━━━ EXCERPTED RECORDS
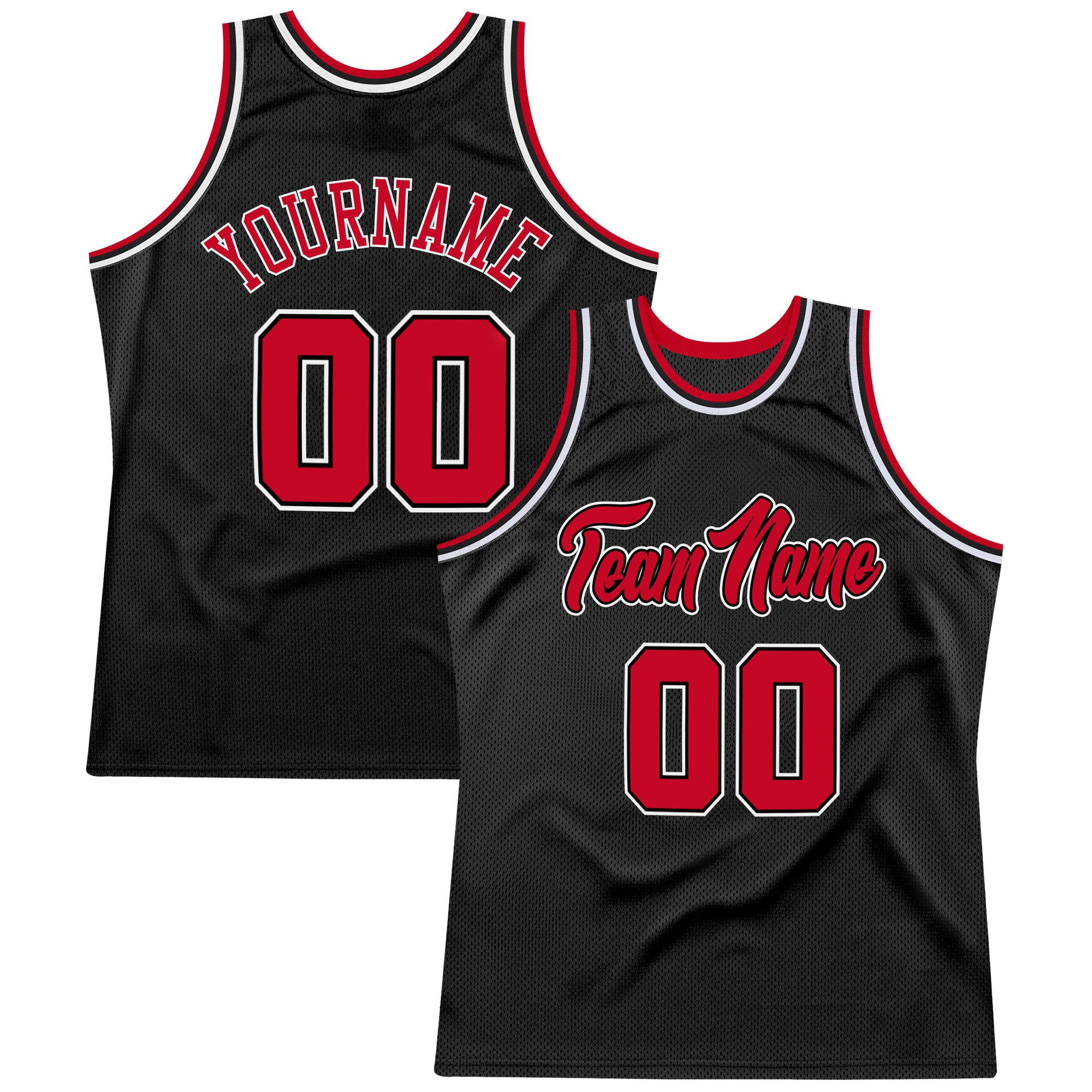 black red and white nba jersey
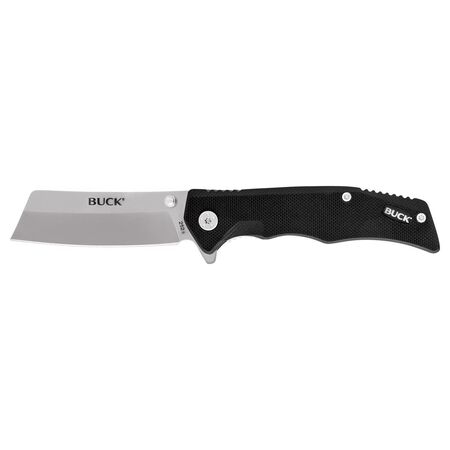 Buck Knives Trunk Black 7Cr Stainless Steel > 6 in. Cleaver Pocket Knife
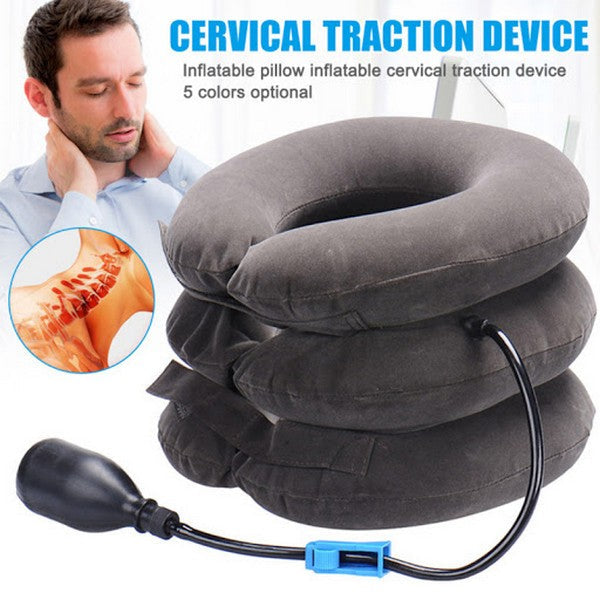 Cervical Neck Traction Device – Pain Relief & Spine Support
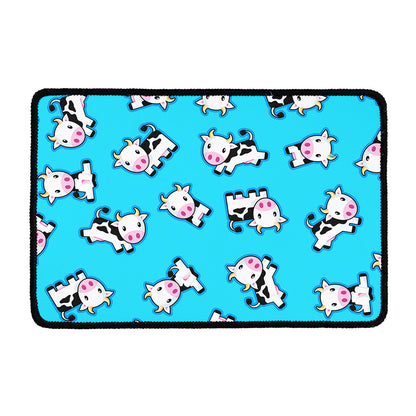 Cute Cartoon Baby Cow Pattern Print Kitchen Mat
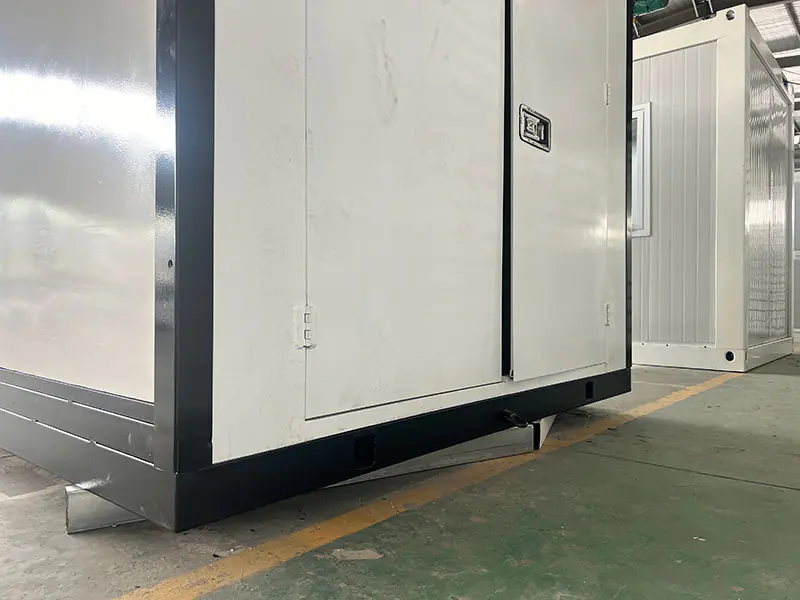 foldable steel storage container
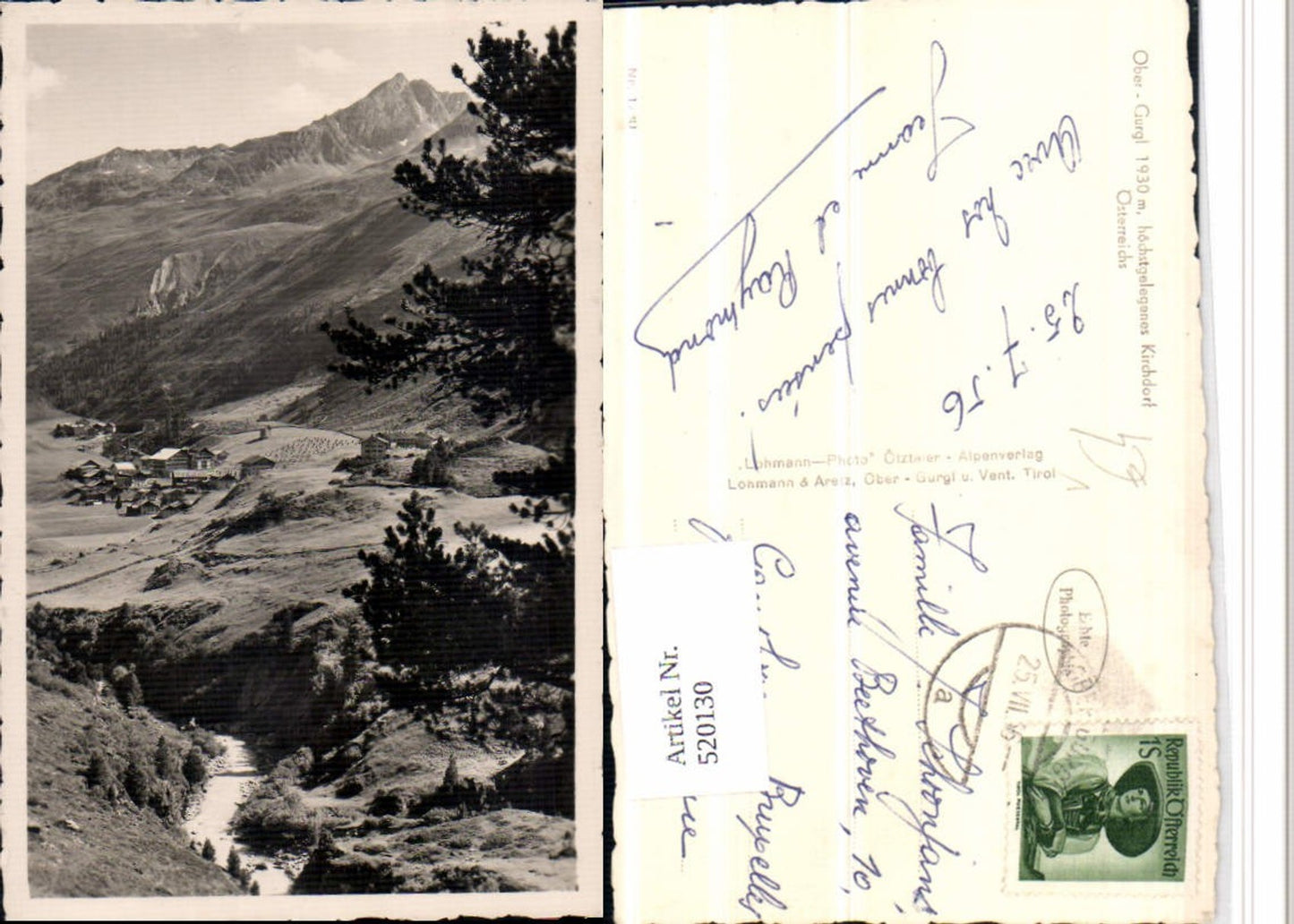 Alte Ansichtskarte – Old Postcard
━━━━━━
• EXERCISE BRIEF: Pictures aside, repeat each entry in full and without change.

• COMPLETED TASK:
 black red and white nba jersey
 Buck Knives Trunk Black 7Cr Stainless Steel > 6 in. Cleaver Pocket Knife
 Cervical Neck Traction Device – Pain Relief & Spine Support
 Cute Cartoon Baby Cow Pattern Print Kitchen Mat
 foldable steel storage container
 Alte Ansichtskarte – Old Postcard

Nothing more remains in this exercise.